Pictures with short captions
__________________________________________________

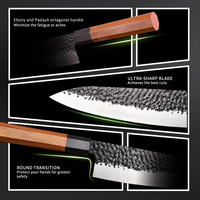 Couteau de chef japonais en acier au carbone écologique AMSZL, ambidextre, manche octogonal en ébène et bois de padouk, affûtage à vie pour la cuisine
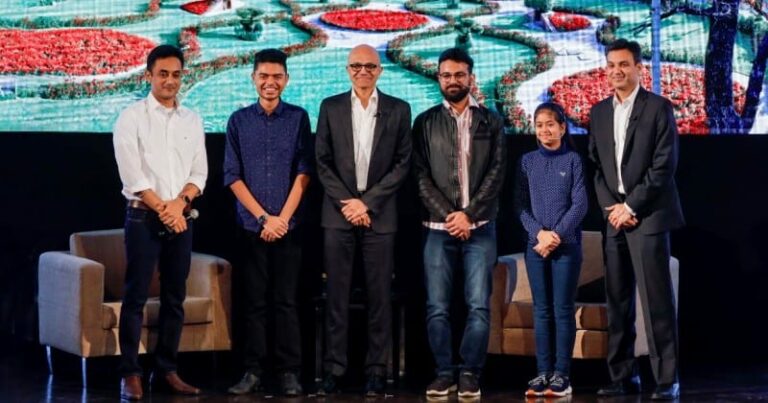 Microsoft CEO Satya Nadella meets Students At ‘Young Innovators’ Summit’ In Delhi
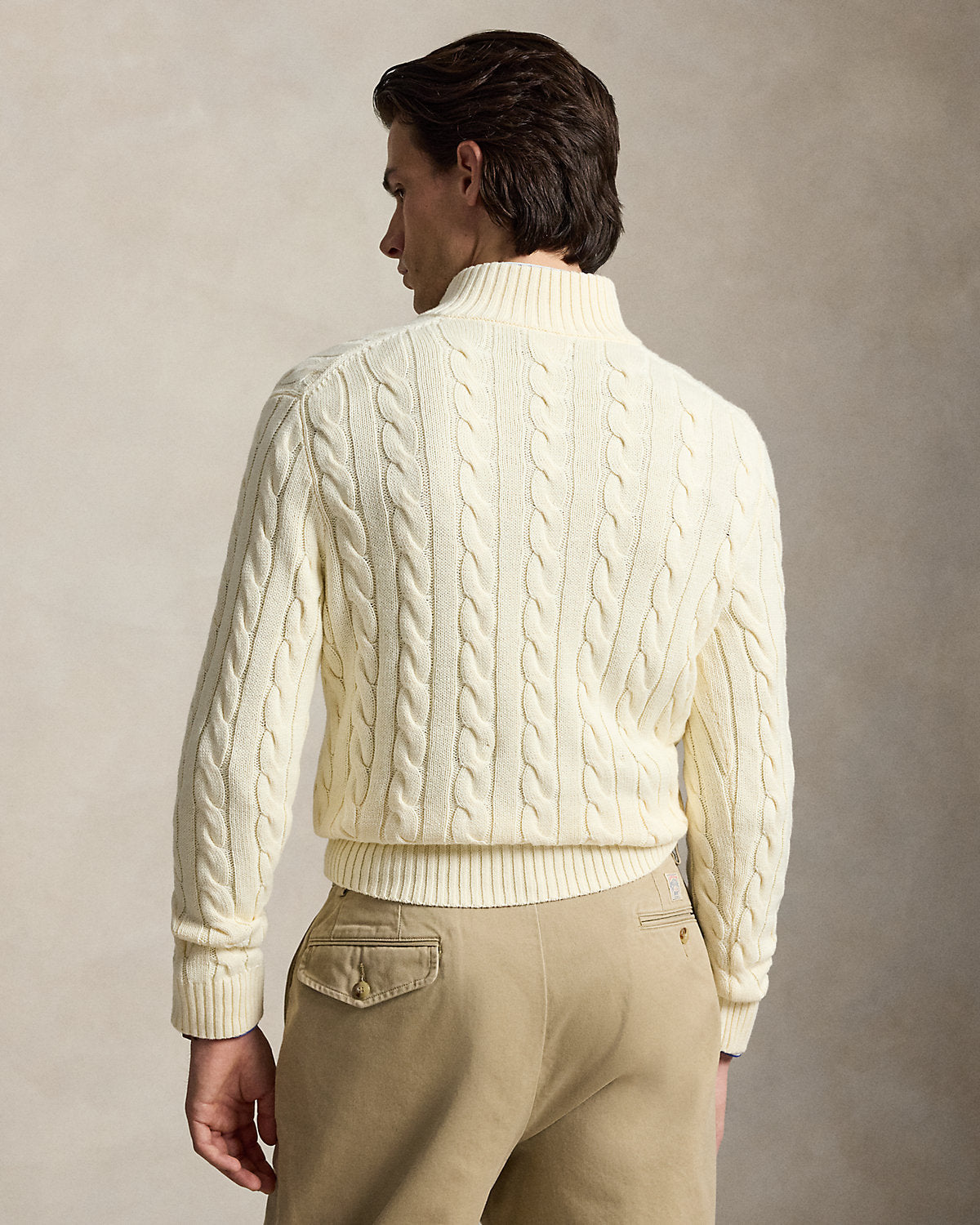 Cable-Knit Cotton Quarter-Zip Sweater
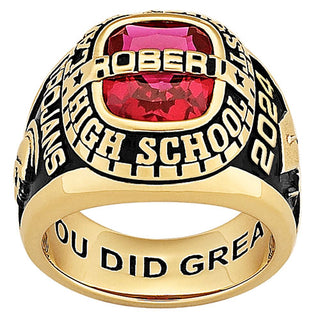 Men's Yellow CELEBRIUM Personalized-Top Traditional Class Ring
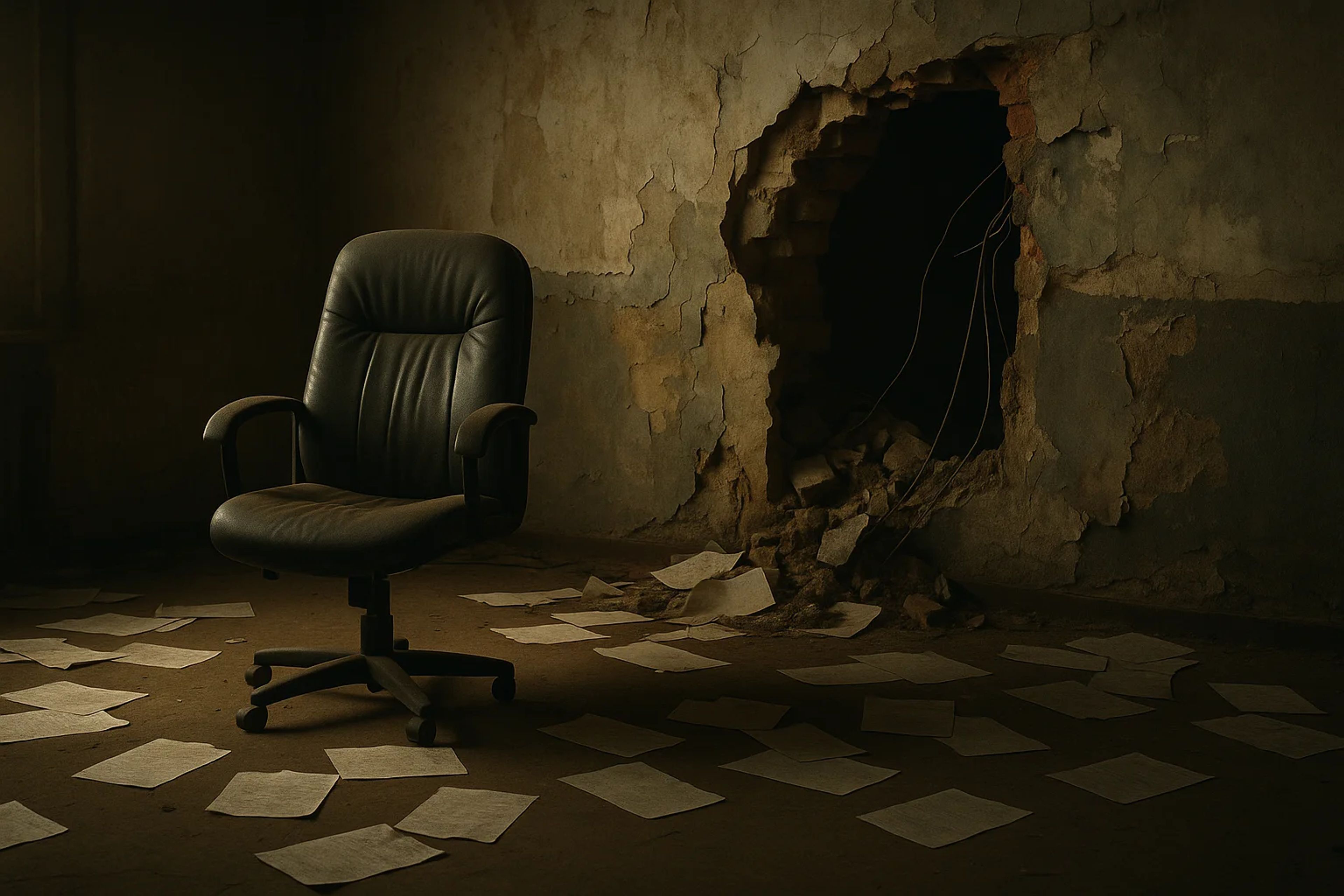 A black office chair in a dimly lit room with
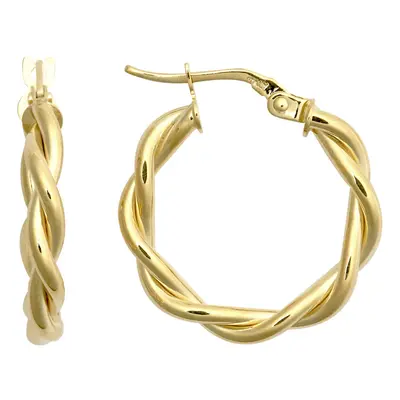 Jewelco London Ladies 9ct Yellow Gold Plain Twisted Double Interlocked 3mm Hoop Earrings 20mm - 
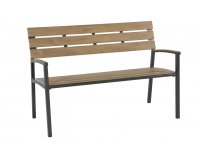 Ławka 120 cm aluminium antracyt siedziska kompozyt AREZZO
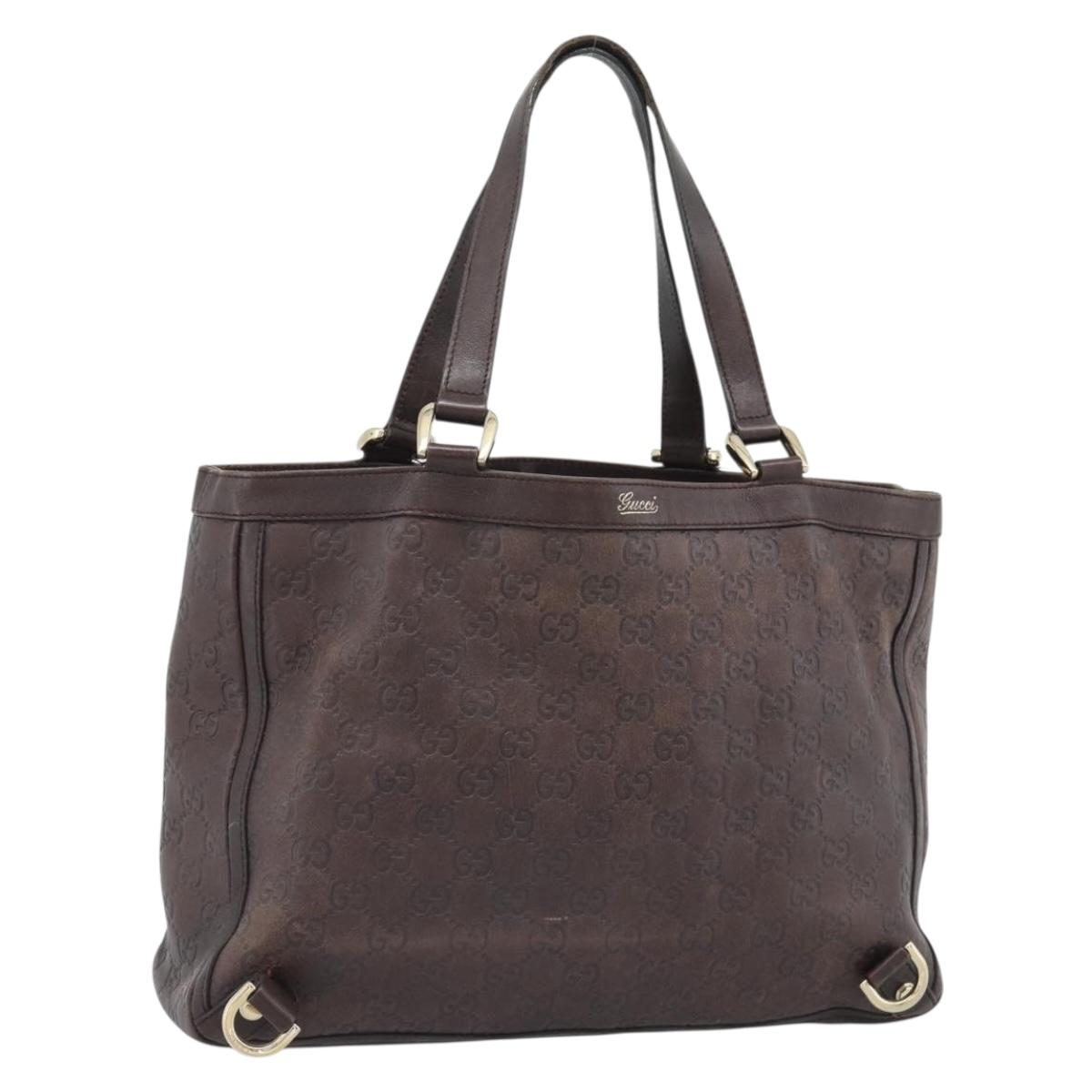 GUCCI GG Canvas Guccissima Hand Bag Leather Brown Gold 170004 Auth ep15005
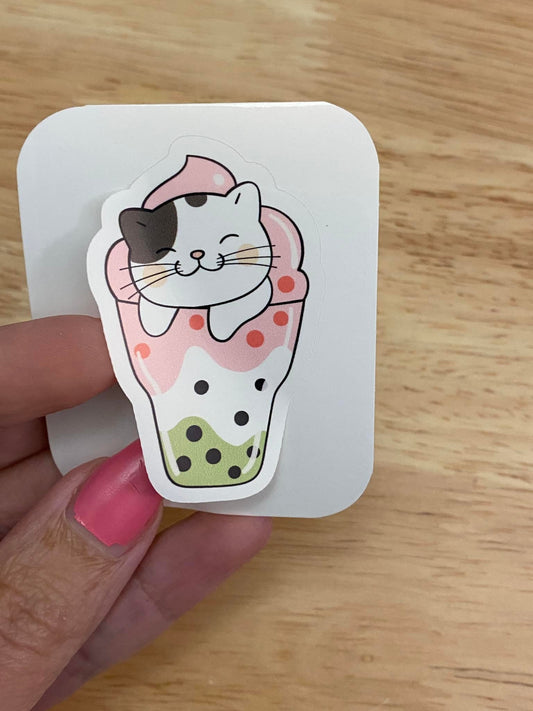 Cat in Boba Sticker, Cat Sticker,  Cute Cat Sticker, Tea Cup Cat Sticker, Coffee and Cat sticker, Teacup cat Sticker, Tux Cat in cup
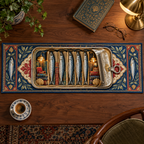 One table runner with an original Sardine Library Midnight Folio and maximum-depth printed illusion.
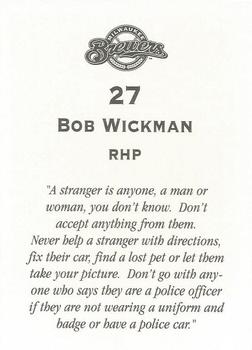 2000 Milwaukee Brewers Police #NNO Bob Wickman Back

__________________________________________________

Task >> Write out again the lines from the one with "One table runner" through the end of the records exactly, without any of the pictures.

Result of this task >>
 One table runner with an original Sardine Library Midnight Folio and maximum-depth printed illusion.
 2000 Milwaukee Brewers Police #NNO Bob Wickman Back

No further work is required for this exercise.